======== GIVEN INFORMATION
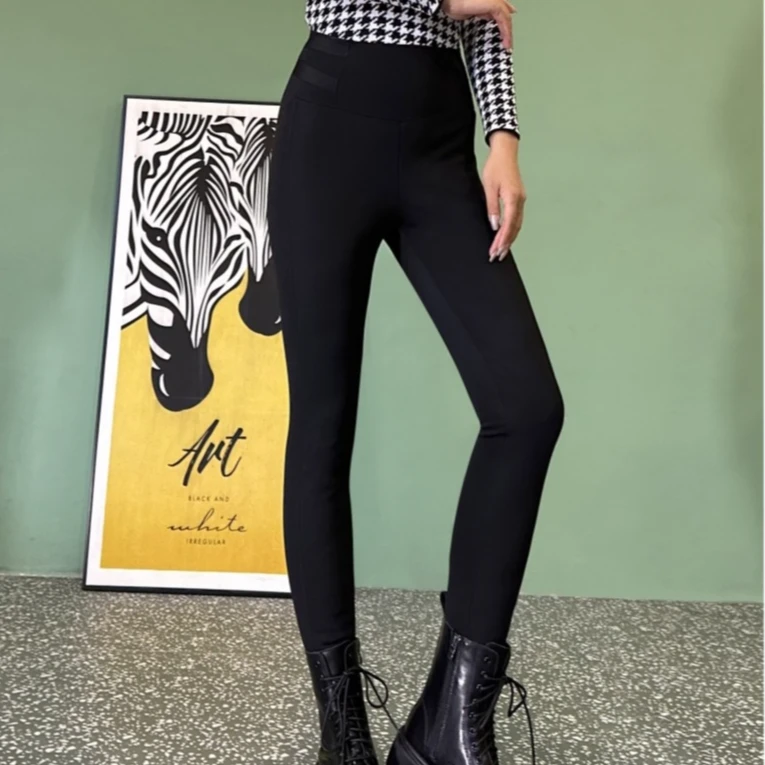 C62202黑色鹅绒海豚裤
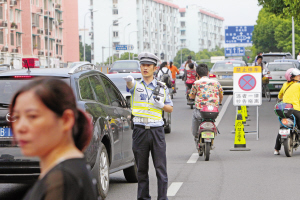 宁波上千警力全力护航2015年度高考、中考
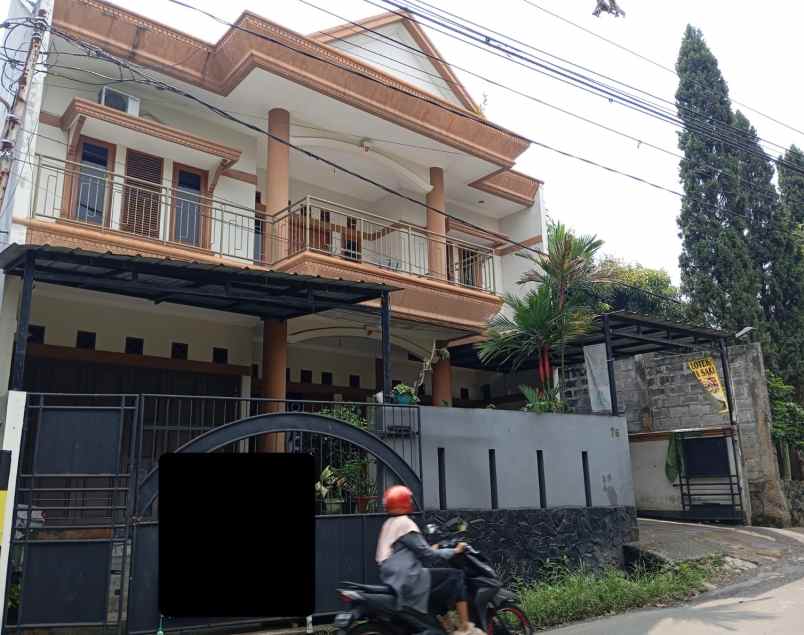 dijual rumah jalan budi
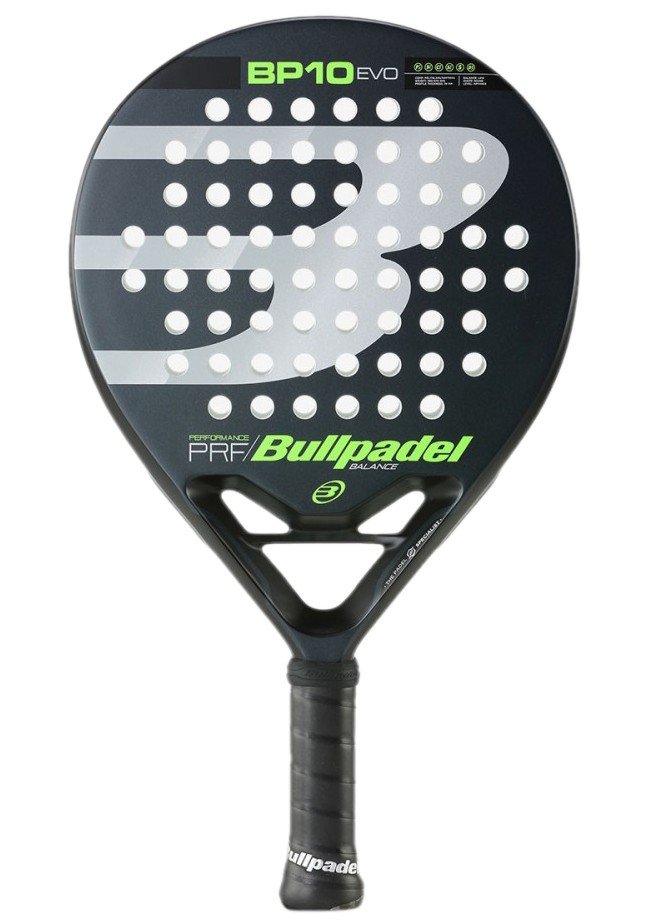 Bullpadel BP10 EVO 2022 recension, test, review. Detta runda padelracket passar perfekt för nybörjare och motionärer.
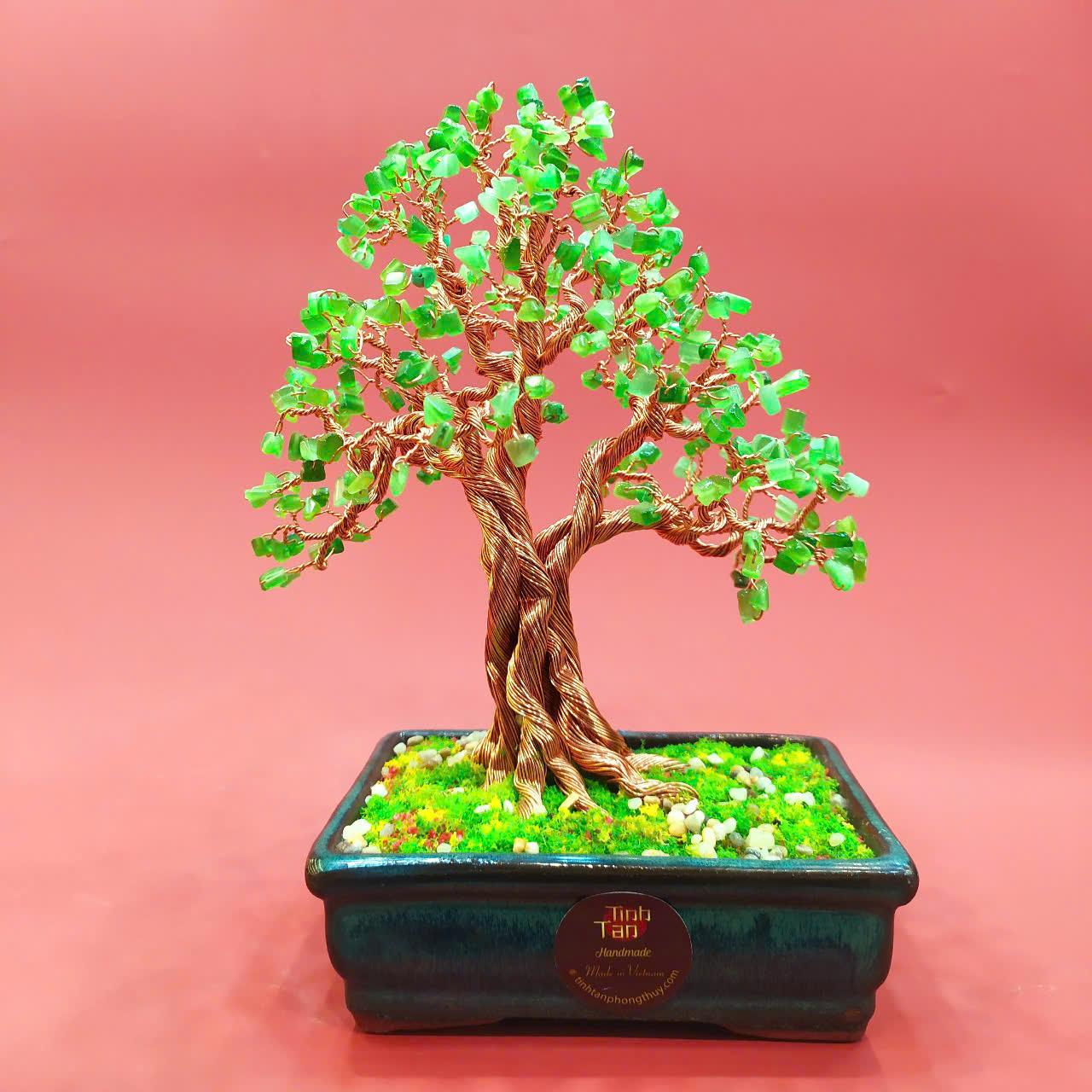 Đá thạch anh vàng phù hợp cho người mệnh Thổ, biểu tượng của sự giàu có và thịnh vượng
================
* WHAT IS EXPECTED
Repeat each entry exactly as given; no pictures belong in the copy.

* REPLY TO THE EXERCISE
 C62202黑色鹅绒海豚裤
 宁波上千警力全力护航2015年度高考、中考
 dijual rumah jalan budi
 Bullpadel BP10 EVO 2022 recension, test, review. Detta runda padelracket passar perfekt för nybörjare och motionärer.
 Đá thạch anh vàng phù hợp cho người mệnh Thổ, biểu tượng của sự giàu có và thịnh vượng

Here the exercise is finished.